Task instructions:
From the entries below, write out exactly the lines between the line holding "Dishwasher machine mechanism" and the line holding "Xiaomi 36764 Digitális", inclusive, excluding any pictures.

Study material:
+--
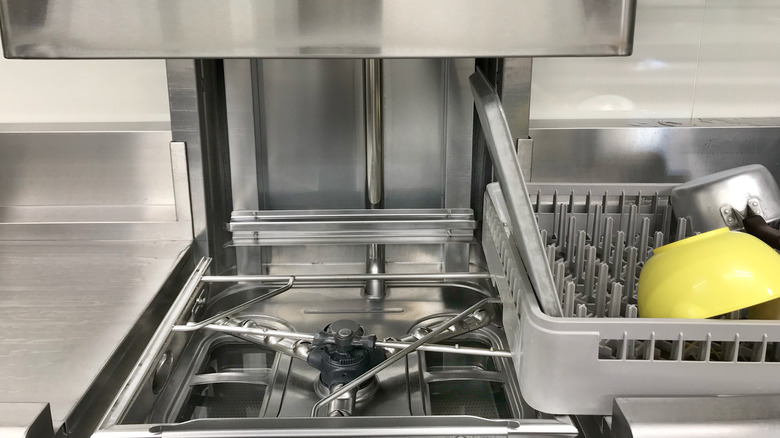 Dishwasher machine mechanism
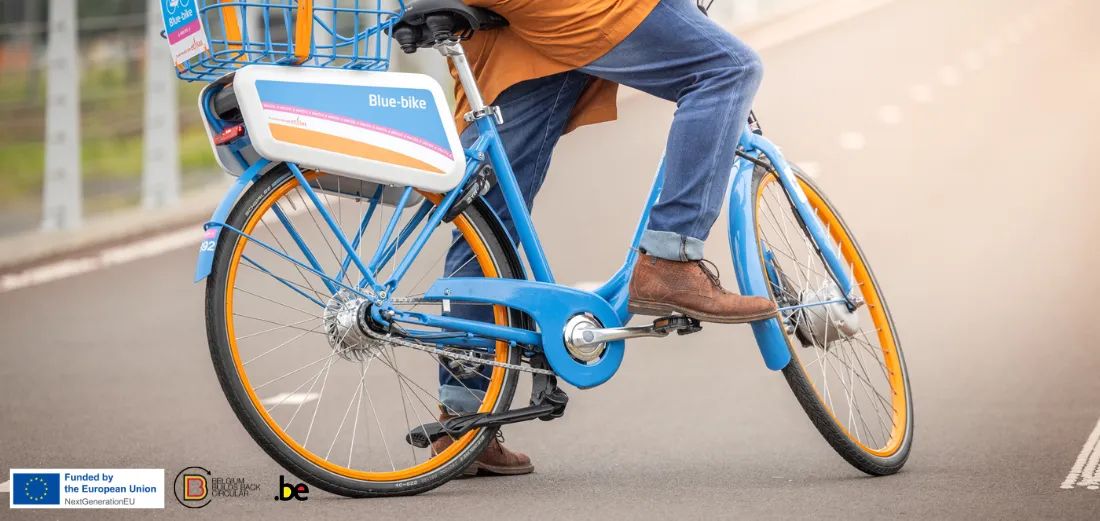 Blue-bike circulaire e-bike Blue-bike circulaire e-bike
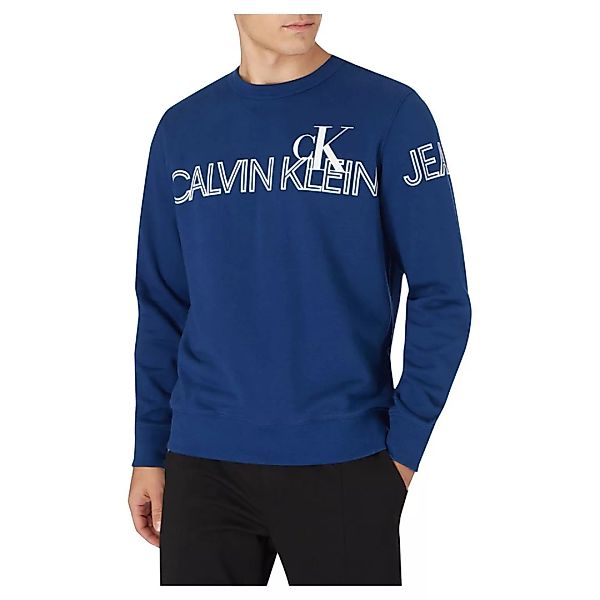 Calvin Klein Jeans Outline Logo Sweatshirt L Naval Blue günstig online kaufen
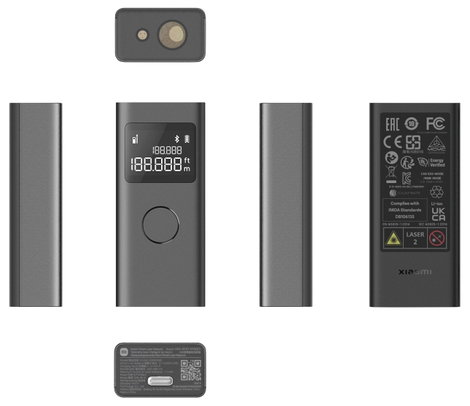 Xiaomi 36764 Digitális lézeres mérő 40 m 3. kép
+--
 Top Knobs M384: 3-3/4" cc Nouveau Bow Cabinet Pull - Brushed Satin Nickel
+--
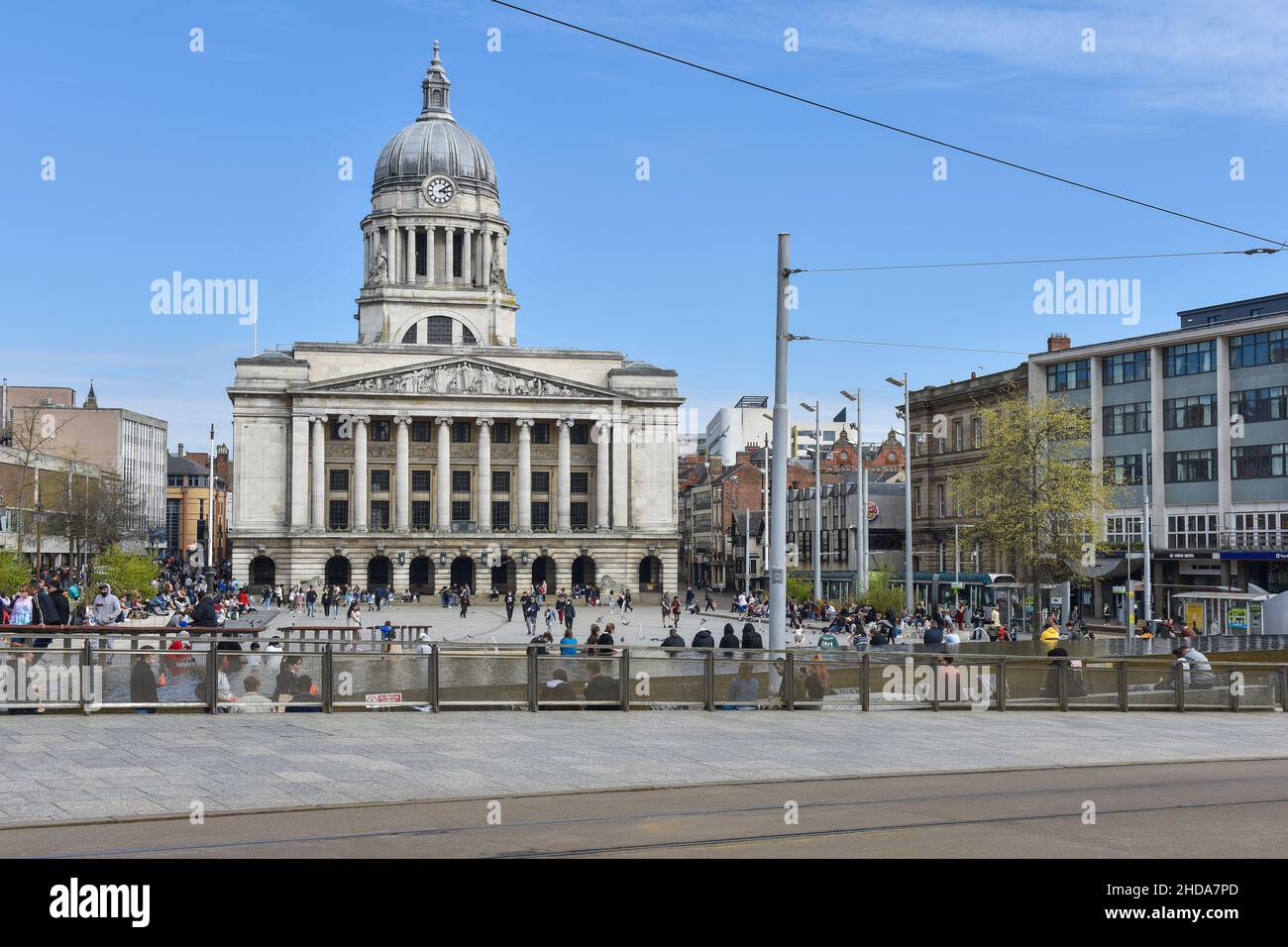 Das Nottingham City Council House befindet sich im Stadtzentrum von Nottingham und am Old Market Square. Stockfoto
+--
Exercise answer:
 Dishwasher machine mechanism
 Blue-bike circulaire e-bike Blue-bike circulaire e-bike
 Calvin Klein Jeans Outline Logo Sweatshirt L Naval Blue günstig online kaufen
 Xiaomi 36764 Digitális lézeres mérő 40 m 3. kép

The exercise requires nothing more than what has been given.